The latest trigger was a setback for BI 770371, an anti-SIRPα antibody partnered with Boehringer Ingelheim. OSE disclosed that the drug failed to show efficacy in an exploratory Phase II study in MASH (metabolic dysfunction–associated steatohepatitis) and that Boehringer will discontinue the liver/cirrhosis program. Importantly for OSE, the companies say the oncology program is not affected: BI 770371 continues in cancer studies as a monotherapy and in combination with a PD-1 inhibitor, including work in advanced solid tumors and head and neck squamous cell carcinoma.     

The partnership itself has evolved over time. The firms first teamed up in 2018 in oncology, and the collaboration was expanded in 2024, with OSE receiving a one-time “partial royalty buy-out” payment of €25.3 million tied to the expansion into cardiovascular-renal-metabolic diseases.

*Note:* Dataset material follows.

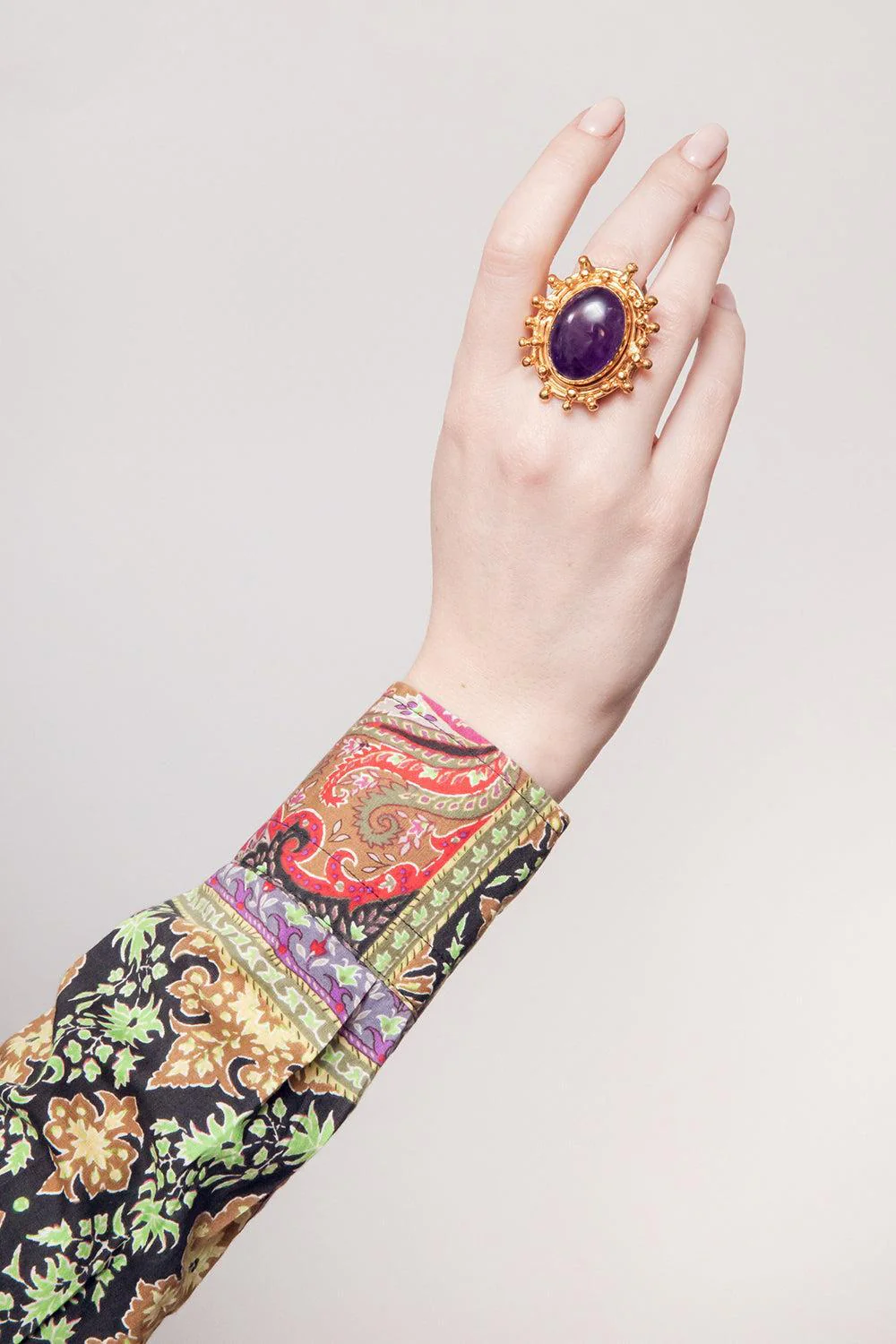 Amethyst Stone Dot Ring - Image 2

AbbVie deal revised, then effectively frozen as OSE pauses OSE-230

OSE’s other major partner reset came from AbbVie. Under a 2024 agreement, AbbVie paid $48 million upfront for global rights to OSE-230, a monoclonal antibody designed to activate ChemR23 and modulate innate immune cells. But by December 2025, the companies amended the deal so that OSE resumed responsibility for preclinical work and Phase I, with OSE noting that this next step would depend on securing adequate funding. Now, OSE is pausing development of the asset altogether, a decision that effectively acknowledges the financing strain of advancing another program alongside its lead pair.     

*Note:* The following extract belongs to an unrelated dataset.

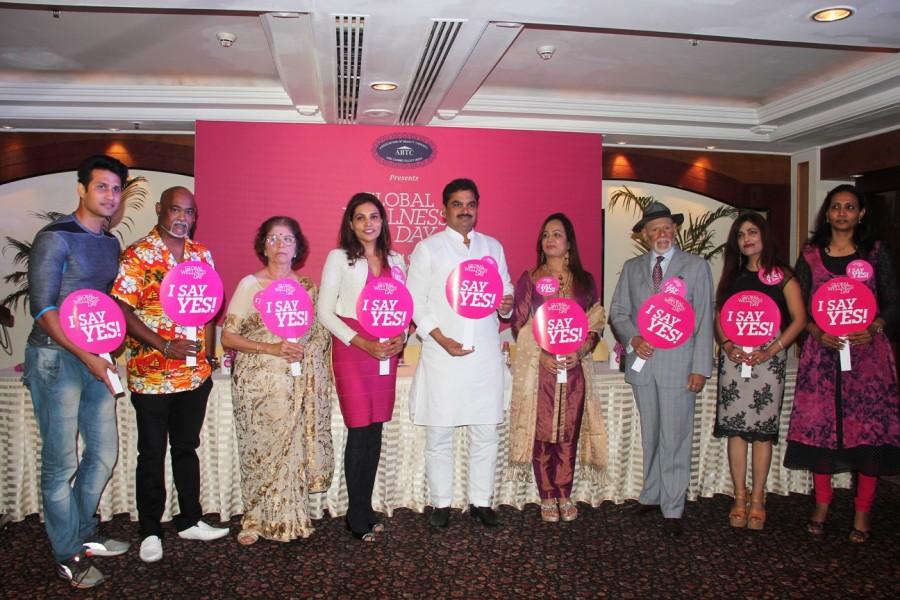 Smita Thackeray, Vinod Kambli, Rekha Chaudhari-Global Wellness Ambassador for India, Shibani Kashyap, Ram Shinde - Maharashtra Tourism Minister, Dr. Meghna Shah – Dean, The Other Song, Fitness Trainer Aditya Pratap Singh, Maya Paranjape, Wellness entrepreneurs JC Kapur & Sangram Birje and Seema Gopuskar of Association of Beauty and Cosmetology among others at the Global Wellness Day event. Global Wellness Day event,Vinod Kambli,Ram Shinde,Smita Thackeray,Rekha Chaudhari,Shibani Kashyap,Meghna Shah,Aditya Pratap Singh,Maya Paranjape,Wellness entrepreneurs JC Kapur,Sangram Birje,Seema Gopuskar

Pipeline whittling: CLEC-1 research ends, “non-core” programs shelved

Beyond OSE-230, OSE is also ending research activities tied to a CLEC-1 myeloid-checkpoint program in oncology, saying it doesn’t fit the company’s “immediate clinical or partnership priorities.” The company has framed the wider portfolio cuts as a way to avoid spending on programs unlikely to generate meaningful value inflection within its current planning window.     

The new center of gravity: Tedopi + lusvertikimab

With those programs paused or dropped, OSE is making a cleaner, simpler pitch to investors: it is now “all in” on two baskets.

First, Tedopi is being studied across multiple tumor types. The company is running a Phase III NSCLC trial called ARTEMIA in patients resistant to immune checkpoint inhibitors, with completion estimated for December 2028. OSE is also awaiting a Phase II ovarian cancer readout from an investigator-led study in Q2 2026.   

On the other hand, lusvertikimab (also referenced as OSE-127) is being advanced in ulcerative colitis in both IV and subcutaneous formulations, and OSE has also pointed to potential expansion into chronic pouchitis and hidradenitis suppurativa, arguing the IL-7 receptor plays a strong role in both diseases. Additionally, the drug recently met its endpoints in a Phase 2a study in ulcerative colitis, with the company targeting a later-stage study start in the coming years.

Keeping the runway intact

With this news, OSE’s message is consistent: stepping away from early-stage work should concentrate cash and talent on programs with nearer-term clinical catalysts, while also keeping optionality open for partnerships or financing to fully fund late-stage development. CEO Marc Le Bozec summarized the logic as a “disciplined evolution” of the portfolio designed to focus resources where the company can “create the greatest value in the near term.”